Total knee replacement in special situations:

  1. Post high tibial osteotomy: There can be lateralization of the proximal tibia at the site of osteotomy or sometimes medial shift of the proximal tibia depending on the initial fixation. The tibial component need to be aligned to the mechanical axis of the tibia and excessive lateralization or medialisation of the component should be avoided. Alteration of slope of the proximal tibia can also be present.
  1. Primary total knee replacement in severe deformities: Attenuation of collateral ligaments or severe contractures requiring extensive release, severe bone defect requiring reconstruction, osteoporosis, malunited stress fractures and difficulty in restoring alignment within 180±3°. Use of constrained prosthesis with stem extension, bone grafting and computer navigation helps in achieving good results.
  1. Osteoporosis: Difficulty in fixing the jigs during bone cuts, avulsion of soft tissue and ligament attachment, chances of fracture during reduction or manipulation are the problems. Careful soft tissue release and bone cuts and use of stem extension to provide stable fixation are required.

 

Revision total knee replacement:

            All surgery that involves artificial components has the risks of loosening, wearing out, infection, mal-position, loss of motion, and scar tissue formation. The components can be replaced in case of a failed total knee replacement. Failure may be due to loosening or infection or following a fracture in the periprosthetic region. Loosening is called aseptic if it is due to wear and tear and production of polyethylene debris which in turn causes loosening.. Infective loosening will need two staged exchange of prosthesis.

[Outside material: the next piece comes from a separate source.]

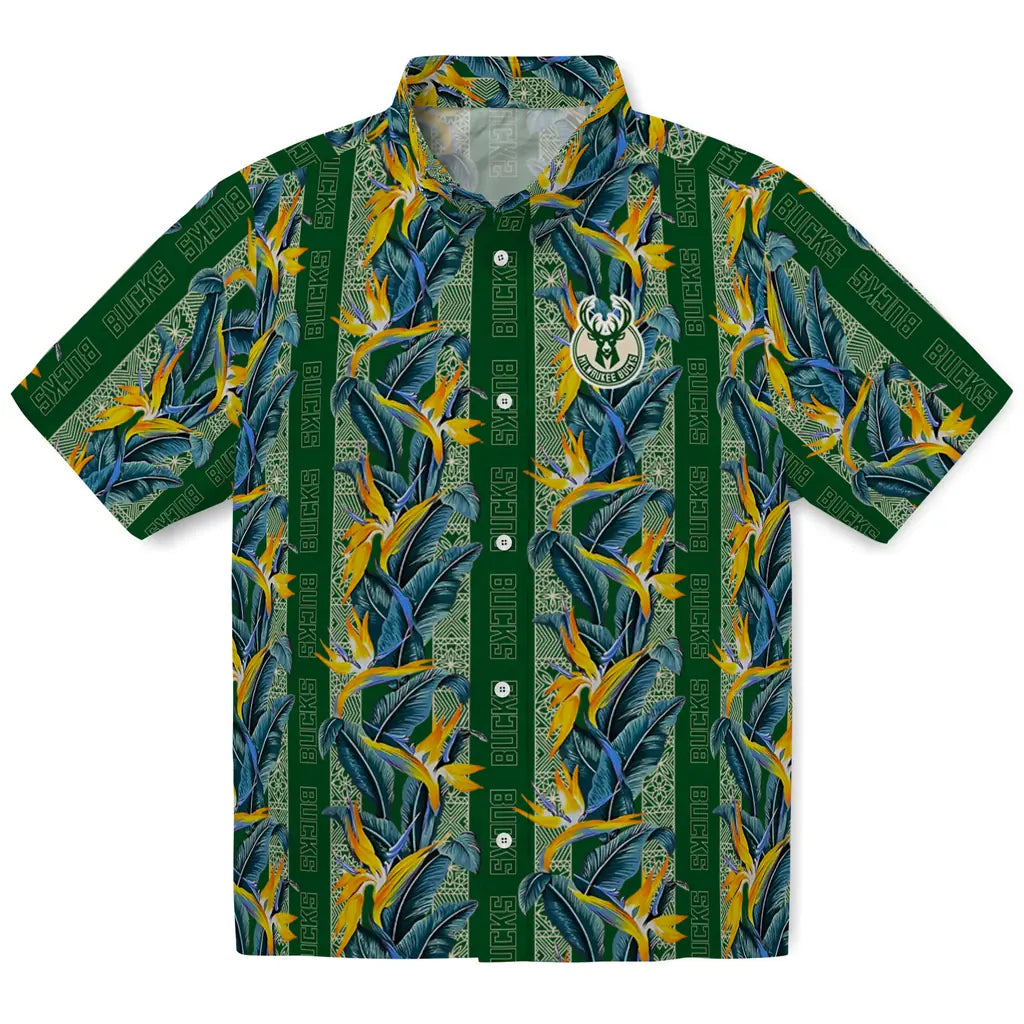 Milwaukee Bucks Hawaiian Shirt - Paradise Vines | Hula Hawaiian Shirts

Infected total knee replacement:

Though total knee replacement is a very successful procedure there is a small risk of infection of about 0.5 to 1%.
Infection can be classified depending on the chronology of occurrence as,

  • Acute – within 6 weeks
  • Sub acute- 6 weeks to 3 months
  • Chronic- more than 3 months.

Acute infection is confirmed by clinical findings, aspiration and culture of the joint fluid.
Acute infection can be treated with intravenous antibiotics and joint lavage with exchange of insert and retention of the prosthesis. One or two attempts at retention of prosthesis may be successful. Intermittent short course suppressive antibiotic therapy is also helpful in preventing recurrence.

Sub- acute or chronic infection or failure to salvage in acute infection can be treated by two staged revision of the prosthesis. Initial debridement after discontinuation of all antibiotics for a few weeks with multiple intra operative cultures, fixation of antibiotic laden articulating spacer, short course of appropriate antibiotic intravenously followed by oral antibiotics for 8 to 12 weeks followed by second stage revision at present one of the successful protocols.